Strengths: It gets the job done, paid for itself in one use. The local bike shop wants $25/wheel to tru.
Holds 29er with tire on.
No plastic wrapping.
Good instruction, well flowing. (If you need it)
Weaknesses: No convention markings for beginners, i.e. dial adjustments, nipple turning. I put some sharpee markings, it just made things flow faster.
Dial gauges can be hard to feel, the click.
Scale marked in 2mm, adjust 0.1mm per click. 20 clicks per mark. Resolution error tells us we can tru a wheel to a +/-1mm tolerance. This was my first attempt of truing a wheel and I know I did much better than that. The dial gauges spin on a worm gear, and have a "springy" action to them. When you spin the wheel you can judge the movement of the marked scale relative to the scales base. That is why I say that a +/- 1mm truing tolerance is minimal.
I gave it 4 value: I paid less than $60 shipped new, but I feel like this product should sell for $50.
I gave it 4 overall: The instrumentation is cheap, but another strength DTI gauge can be fabbed in. Which would make this a 5+ pepper truing stand. Being that it is ultra portable and store-able.
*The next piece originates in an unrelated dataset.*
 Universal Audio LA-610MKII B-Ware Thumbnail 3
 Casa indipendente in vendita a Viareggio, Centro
I am happy, my wheel is tru and I paid $0 for service :)
a Cross Country Rider
from Northeast Ohio
Date Reviewed: July 9, 2008
Weaknesses: PITA to use. Cheap and imprecise.
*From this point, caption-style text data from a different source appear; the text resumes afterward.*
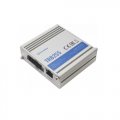 Teltonika TRB255 LTE Gateway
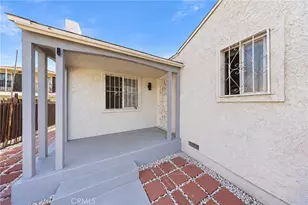 9614 Graham Ave, Los Angeles, CA 90002 - Photo 4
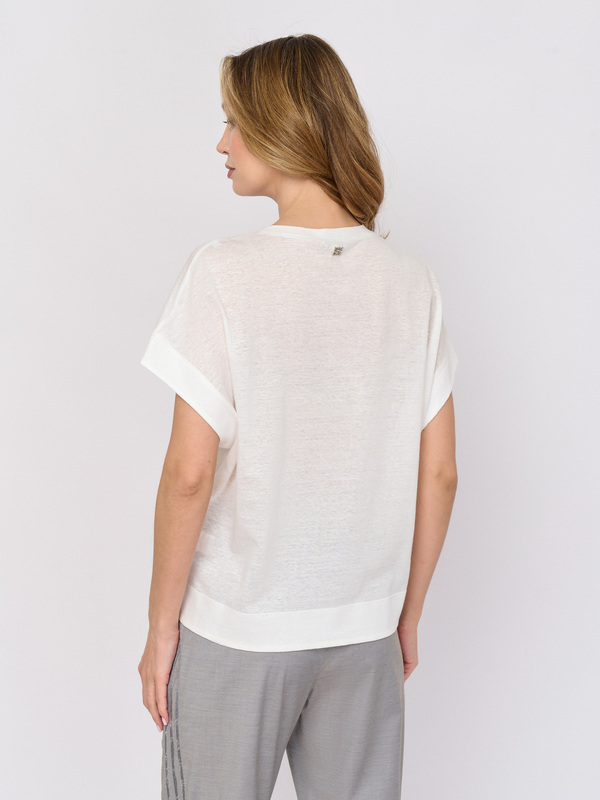 Блуза PANICALE, фото 3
The stand is kind of inexpensive, which was attractive. And you can use it on a coffee table while sitting in your living room versus the Park stand which will require an additional base or mounting to a workbench. BUT the long and short of it is that it really isn't an ideal stand for anything more than quick truing and maybe building really crude disc wheels where you aren't too concerned with runout. The indicators on the stand are really imprecise and are easily bumped out of position when you flip the wheel to check for rough dish.
Bottom line? Save your money and a little bit more and buy a Park TS-2. WAY easier to use and way more precise. Or if you are really incapable of saving money go ahead an buy one and be aware that it is annoying to work with, at least the first few times.
It only gets 2 chilis for value because for maybe twice as much you can find the Park stand new.